*** Collected material Section Begins ***

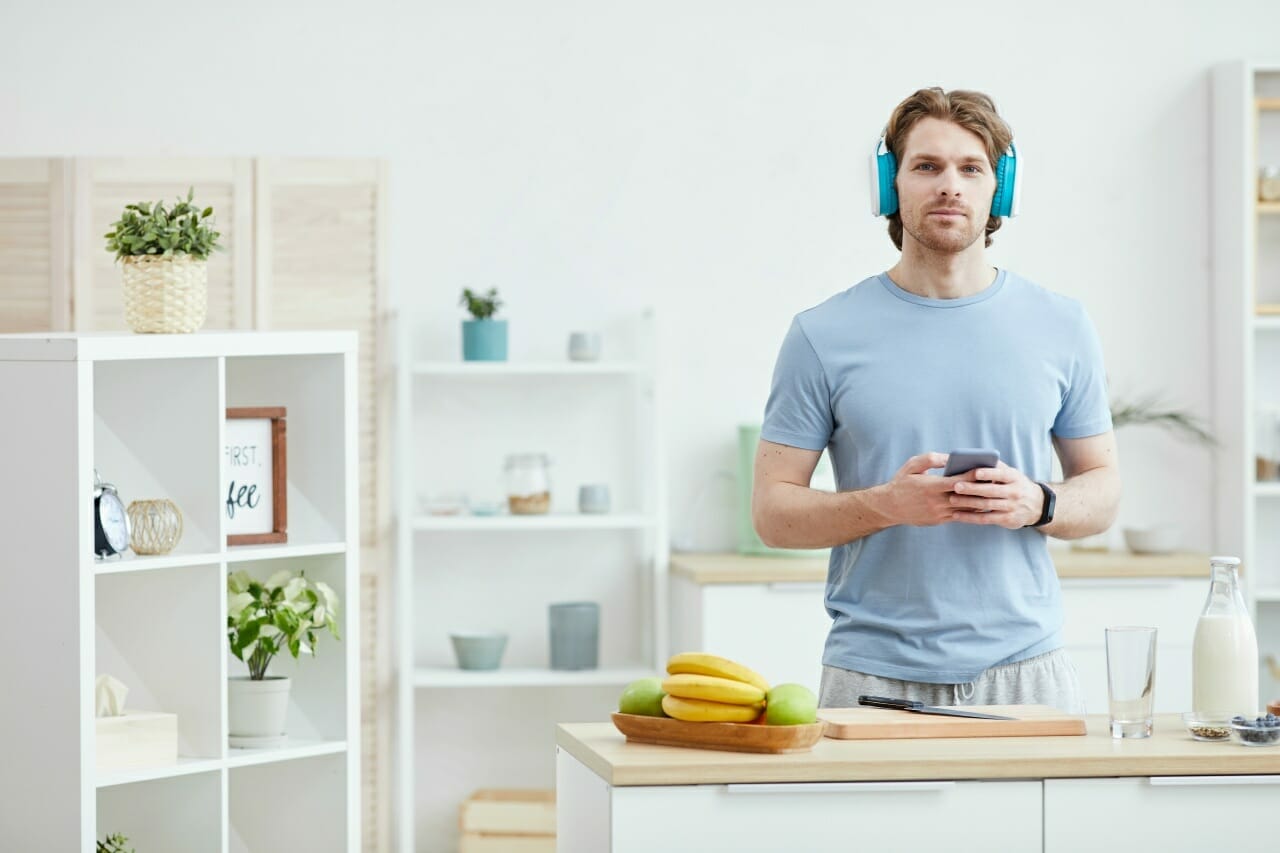 portrait-of-young-man-wearing-headphones-and-listening-to-music-on-the-phone-while-cooking-in-the-kitchen
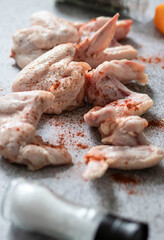 
raw chicken wings on gray background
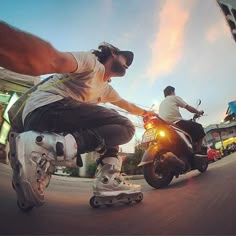 two people riding motorcycles on a city street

*** Collected material Section Ends ***

What this task involves
Return the data verbatim, leaving out the pictures it holds.

Solution to this task
 portrait-of-young-man-wearing-headphones-and-listening-to-music-on-the-phone-while-cooking-in-the-kitchen
raw chicken wings on gray background
 two people riding motorcycles on a city street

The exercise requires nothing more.